Not a criticism, but a query as to the advantages /disadvantages of utilizing a car on guidebook research. Must be a pain driving to bus/trains stations to confirm prices /info?
Michael
but why do you keep doing this to yourself? does LP pay you that well?
anyway ,on a more serious note, can applicants meet at least 3 criteria points?
quit knocking that poor dacia, you’re not driving it anymore and at least it was conceived with long legged people in mind(which is more than you can say about 90% of Italian cars).plus it gave your stories a pioneer like quality!
Maureen – The Diablo interview never even got started. I was waylaid by for more pressing and better paying gigs.
Katie – Well, to be fair I have never researched Buch. Just passed through, with extreme difficulty. Hopefully my outlook will change.
Michael – The car is absolutely necessary for research. It makes the difference between taking 30 minutes to get to the bus station and five minutes to get to the bus station. Or pissing away three hours waiting for a train to the next city rather than just going as soon as I’m ready. It’s a pain, but it literally saves hours of productive time every day. If I did all my research on public transport, it would take twice as long, my fee would be twice as much and the book would cost more, alienating potential shoestrings guidebook shoppers.

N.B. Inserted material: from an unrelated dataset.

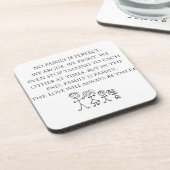 Familie Getränkeuntersetzer (Linke Seite)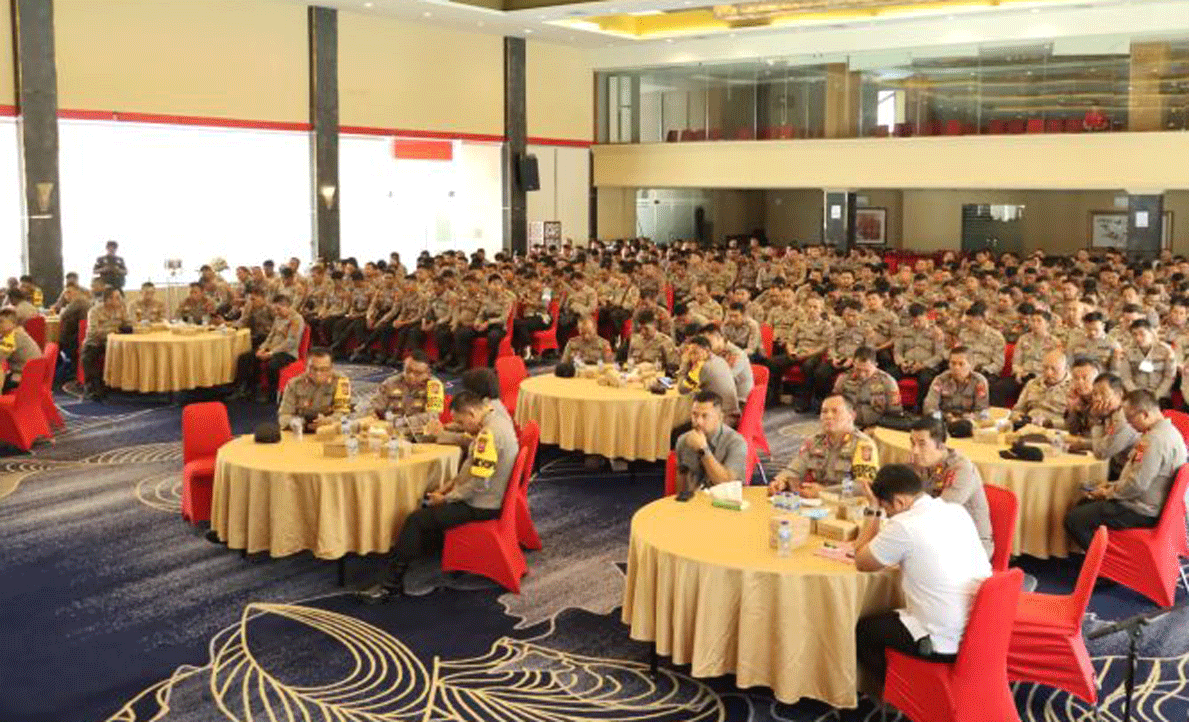 Polresta Palu Terjunkan 550 Personel Amankan TPS Pemilu 2024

Elfin – Despite my bitching, it’s a good job. LP has treated me very well on this job and my last job in Tuscany. And doing something the second time, especially in Romania, is always five times easier than the first time, particularly when black ice isn’t involved.
Leif,
Thank you for this post. I came across your blog while googling anthony bourdain romania. I was really curious to see if other people took his visit to my native country to be ill-planned; his attitudes towards the culture and country narrow-minded, his per whole show ill-conceived, difficult to watch and extremely …well boring.

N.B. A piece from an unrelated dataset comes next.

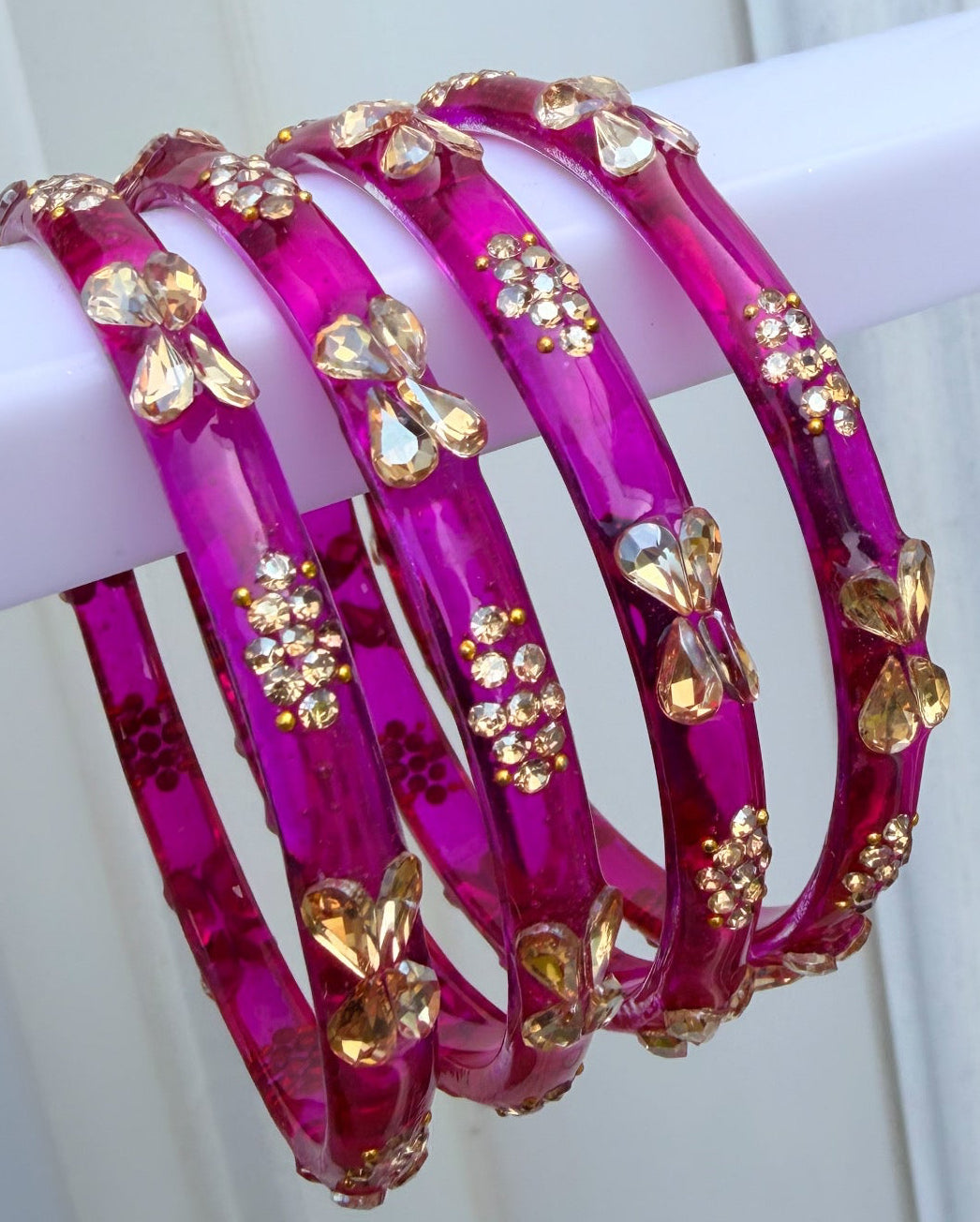 Aashna Glass Bangle Set of 4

Good analytical skills and hey…if you still need that interpreter…:)
I’m terribly sorry I can’t offer my services as a translator. It’s the whole “bat shit crazy” loophole. I’m looking forward to the next installment of your Romanian travels, at any rate.
you’ve gotta admit it ;who has better groupies than the ones that excuse themselves for not helping out ’cause of “the whole bat shit crazy loophole”.Way to go Saucy!!
I see that my offer went unnoticed or maybe was dismissed for insufficient information. Too bad! :(:(
….. :( :(
Hey, look I bounced back. I’ll have to offer my extremely competent services, not to mention the good language skills to another crazy traveler. Ta!
Hi,
I could not agree with you more about how poorly planned and executed the trip to Romania was. Why in the world would he choose to use a non Romanian who knows nothing about Romania as his guide? Also, I think Bucharest can be quite beautiful in a non conventional way as well as a conventional way. There are a lot of nice things to see in all of Romania and I was very saddened to see that none of them were explored. It is a gorgeous country with very interesting, fun loving and intelligent people. The food is good and hearty. Bucharest is quite modern nowadays with a lot to offer even though the traffic is murder. And have you not heard of Romanian women?? They are some of the most beautiful women in the world. Communism destroyed a large part of the country and people’s spirits but they have kept our sense of humor, their zest for life and their passion. I think it’s wonderful that you are going back to show the world the real Romania, a beautiful, unique, quirky and interesting country. And yes, I am Romanian and hot. I’ll be traveling there in May so maybe I’ll see you there.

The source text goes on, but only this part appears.